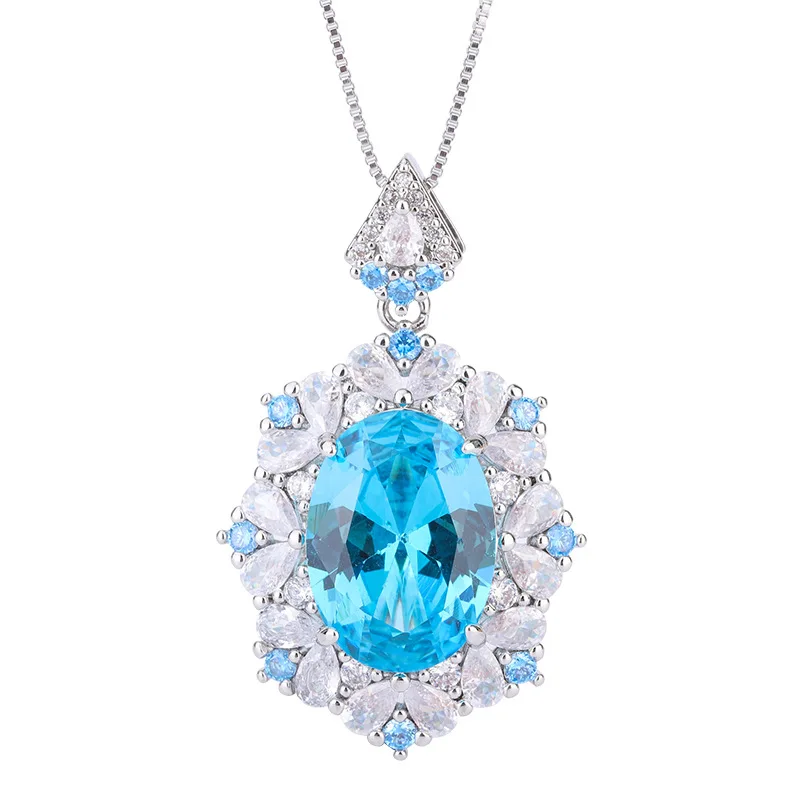 Jewelry Plated New Gold European and American Retro Gemstone Pendant Necklace with Main Stone 13*18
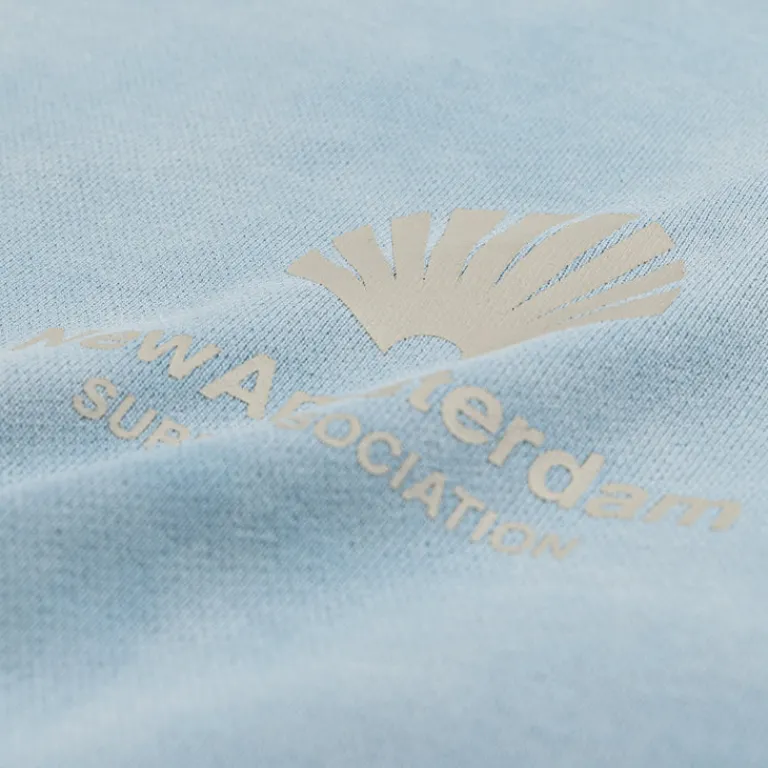 New Amsterdam Surf Association Sweats À Capuche*Logo Hoodie Washed Blue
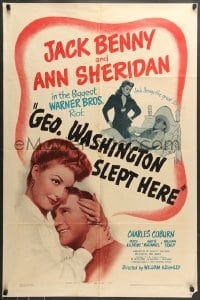 7r336 GEORGE WASHINGTON SLEPT HERE 1sh 1942 Ann Sheridan & Jack Benny, Hart & George S. Kaufman!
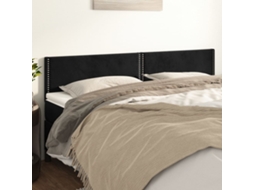 Vidaxl Cabeceiras Preto 200x5x78/88 Cm Veludo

• [Task prompt]:
With pictures omitted, reproduce exactly the lines from the line containing "New Amsterdam Surf" through the end of the data above.

• [Completed exercise]:
 New Amsterdam Surf Association Sweats À Capuche*Logo Hoodie Washed Blue
 7r336 GEORGE WASHINGTON SLEPT HERE 1sh 1942 Ann Sheridan & Jack Benny, Hart & George S. Kaufman!
 Vidaxl Cabeceiras Preto 200x5x78/88 Cm Veludo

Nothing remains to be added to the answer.